_About this task_:
The answer must give back every line of the data exactly, with no pictures.

_Recorded information_:
- Opening Delimiter -

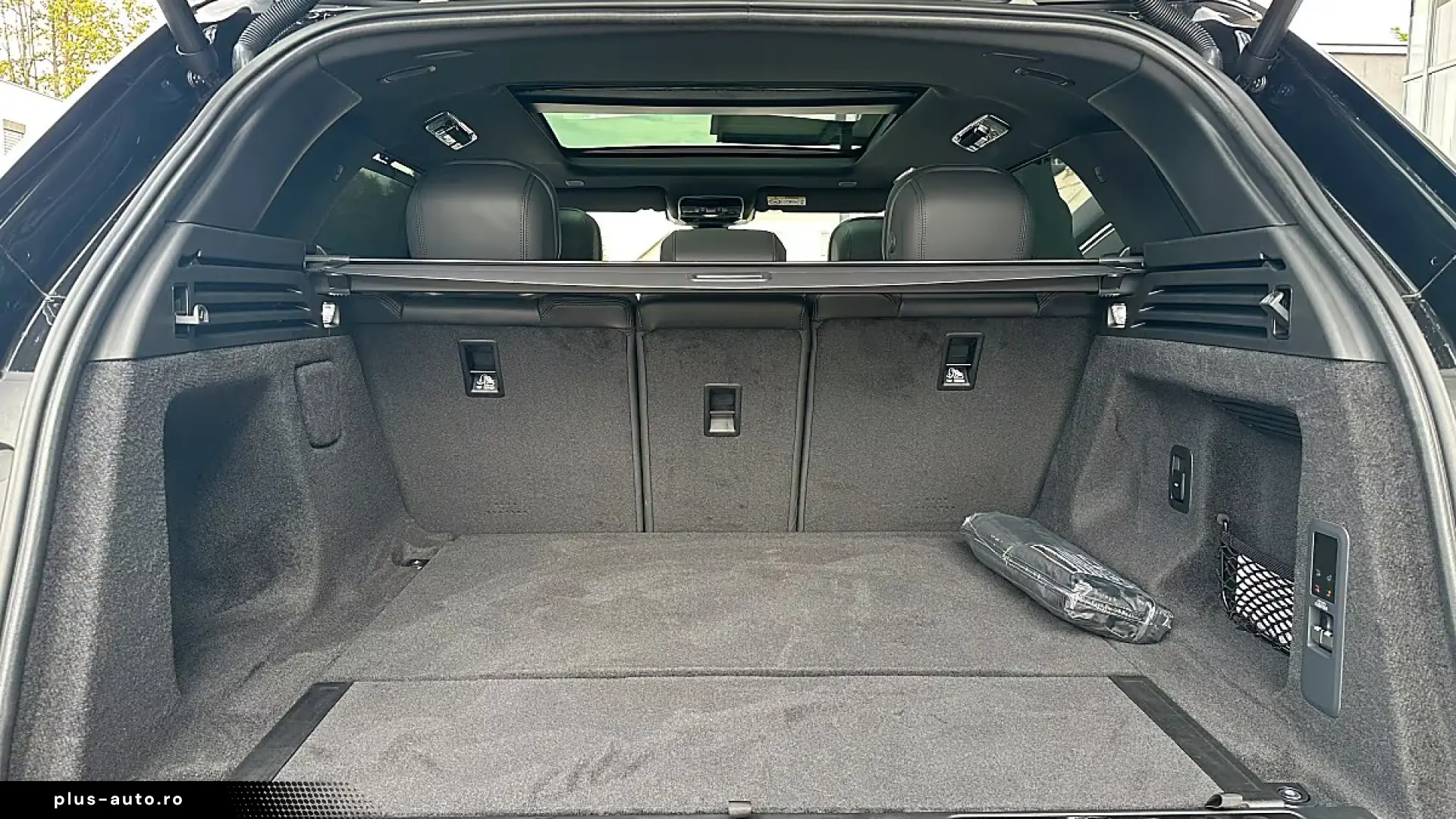 Land Rover Range Rover P460e Dynamic - PHEV - AWD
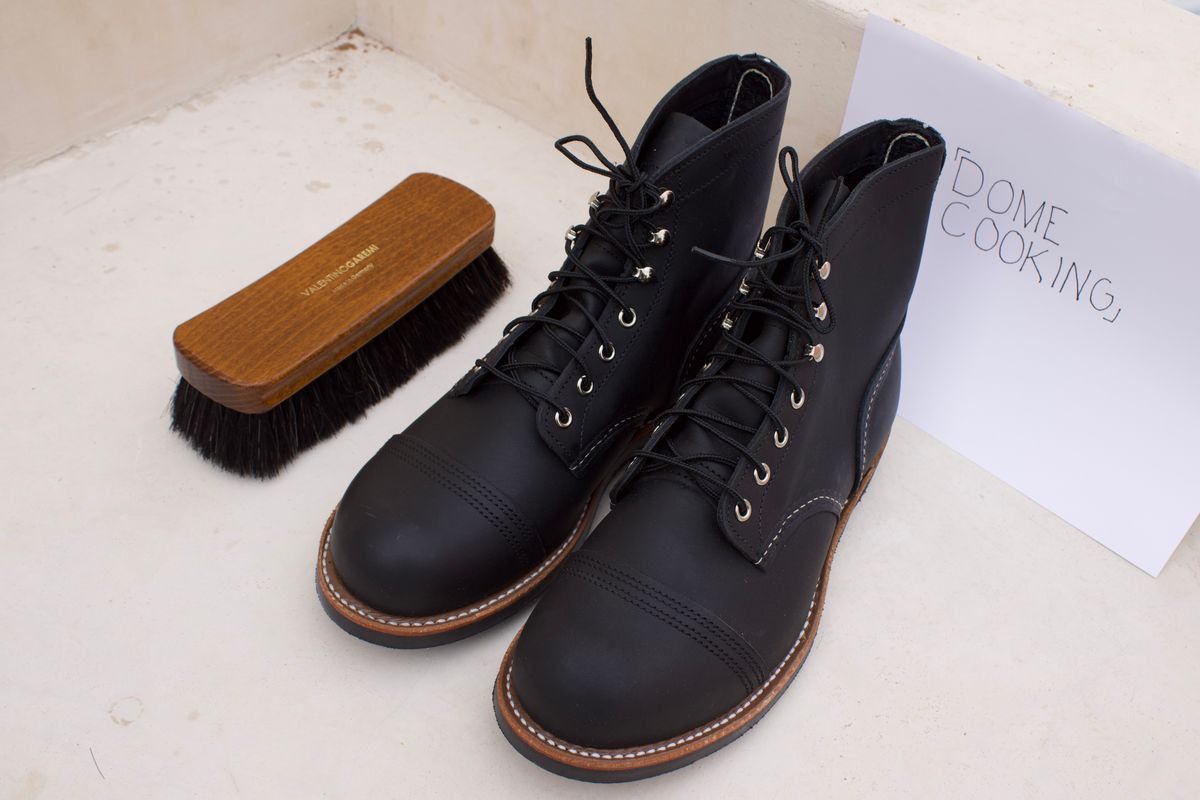 Photo by TangibleLily929 on November 3, 2025 of the Redwing Iron Ranger #8084 in Black Harness Leather.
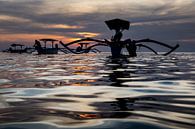  Traditionele Balinese bootjes (Jukung) bij zonsondergang von Willem Vernes Miniaturansicht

- Closing Delimiter -

_Completed task_:
 Land Rover Range Rover P460e Dynamic - PHEV - AWD
 Photo by TangibleLily929 on November 3, 2025 of the Redwing Iron Ranger #8084 in Black Harness Leather.
  Traditionele Balinese bootjes (Jukung) bij zonsondergang von Willem Vernes Miniaturansicht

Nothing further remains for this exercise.